Joaquim Rodrigues
Entra pela madrugada ocupado com questões práticas,
arrumações de ultima hora, riscando um a um os artigos de uma lista de coisas
que não quer esquecer. Quando se dá por satisfeito, vai tomar um duche demorado
com um sorriso nos lábios. É bom saber que tem tudo pronto, pois fá-lo
sentir-se preparado. Deita-se tarde. É a última noite nesta casa, nesta cidade.

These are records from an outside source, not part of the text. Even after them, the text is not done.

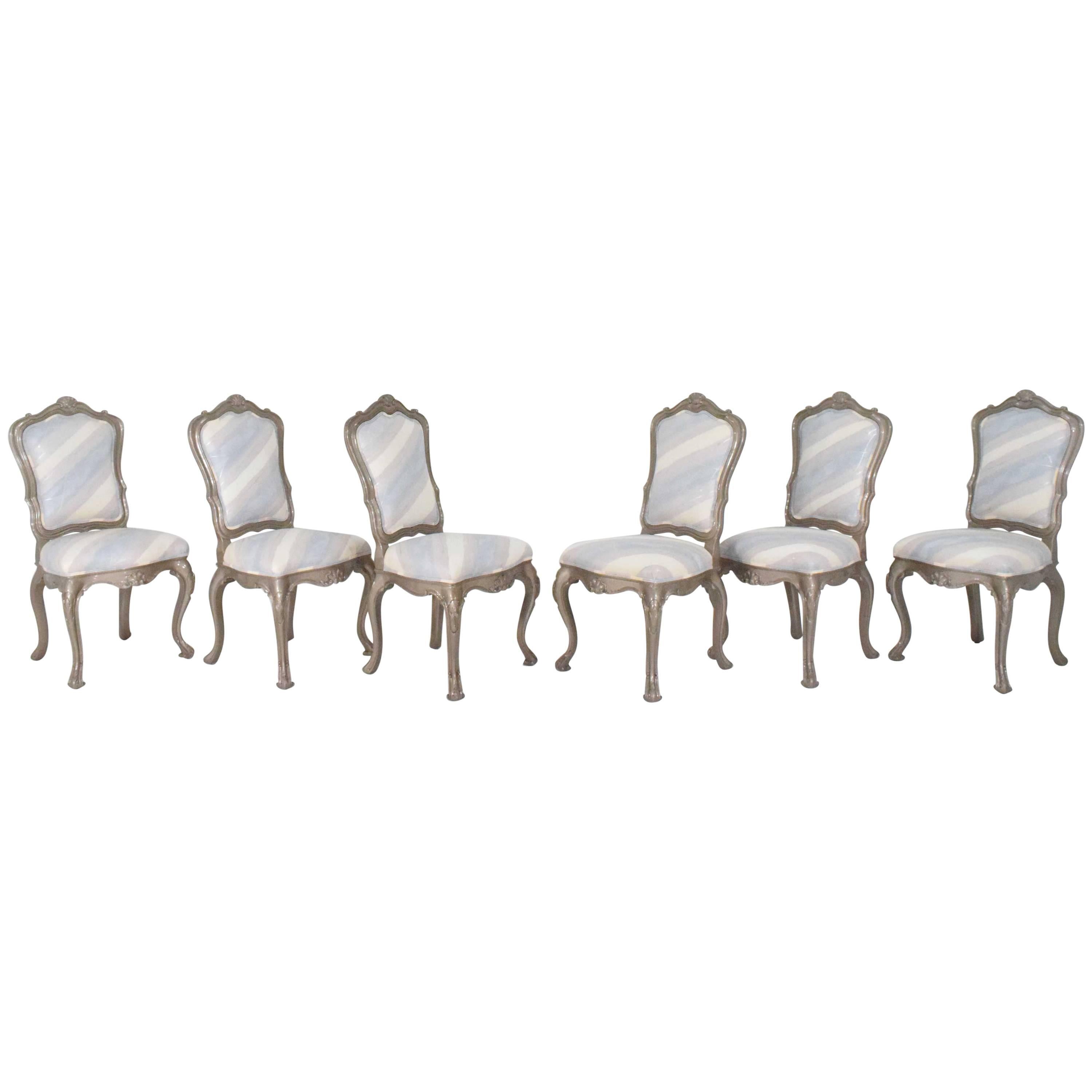 Set of Six or Eight Lacquered Dining Chairs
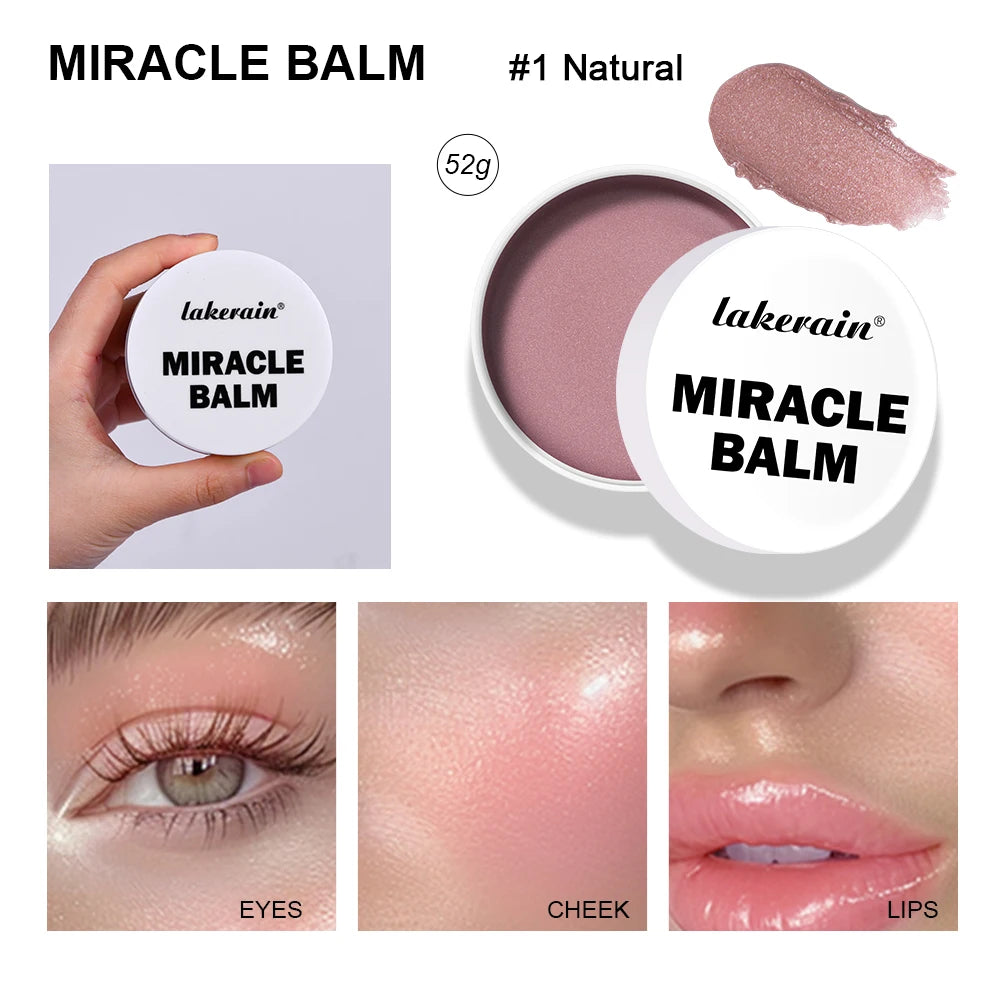 Miracle Balm Multi Glow Balm Cream Blush for Cheeks Blush Balm Face Makeup Radiant Finish Hydrating Creamy Lightweight Cosmetic Peaceful Pleasures Health and Wellness 1Natural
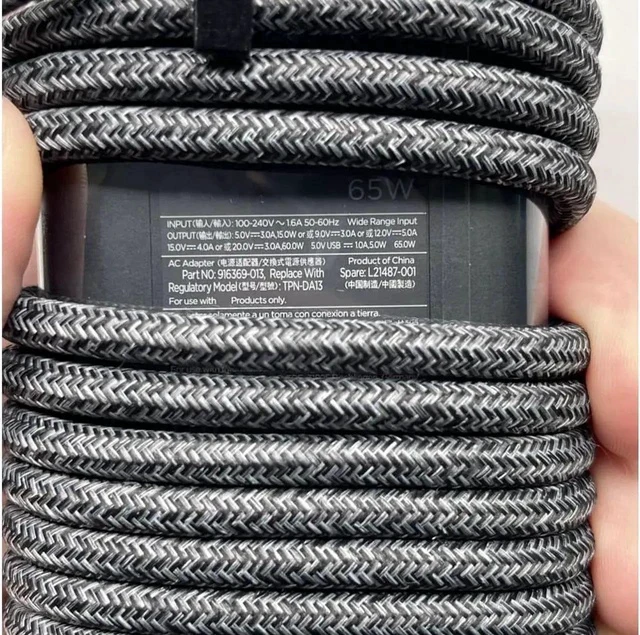 Alt view image 3 of 3 - 916369-013 L21487-001 For HP Laptop 65W 20V 3.25A USB-C Type-C Power Adapter Charger Cable TPN-DA13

Deita-se cansado mas demasiado excitado para adormecer, de maneira que vai até
de manhã a sonhar acordado com a vida que tem pela frente e só cai no sono
quase à hora do despertador anunciar a hora marcada. Acorda ensonado e com o
mesmo cansaço pendente da noite passada, mas encorajado pela promessa da
novidade.
Olha para trás antes de fechar a porta de casa,
observando os requisitos dos últimos anos, os móveis, os quadros, tudo aquilo
que lhe fez parece ter sido uma vida inteira, um lugar onde se sentia seguro.
Deixa escapar um suspiro, abana a cabeça como quem se questiona o que é que eu
vou fazer, faz um sorriso desafiador, fecha a porta, roda a chave e parte.
Atravessa o Oceano a dormitar com a cabeça apoiada do
braço, à janela, enquanto o Avião avança. Mais para o fim da viagem já está bem
desperto e nervoso, numa ânsia de expectativa. Quanto mais perto do destino
mais se pergunta se não terá cometido um erro, se não terá precipitado, se não
voltará a falhar, se, se, se.
Desce do Avião com um saco, e procura a mala, avança cansado
a custo ao longo do cais, lutando com a própria bagagem, tropeçando nela, sem
saber se é isso que o irrita se é o receio que o enerva. Mas depois avista-a lá
ao longe no fim do cais e ela avança para ele sorridente e, quando se
encontram, abraça-a, beija-a e ela diz-lhe que bom estar aqui finalmente, e
nesse instante, todos os receios, duvidas, nervos se dissipam num encantamento,
numa certeza de que tomou a decisão correcta.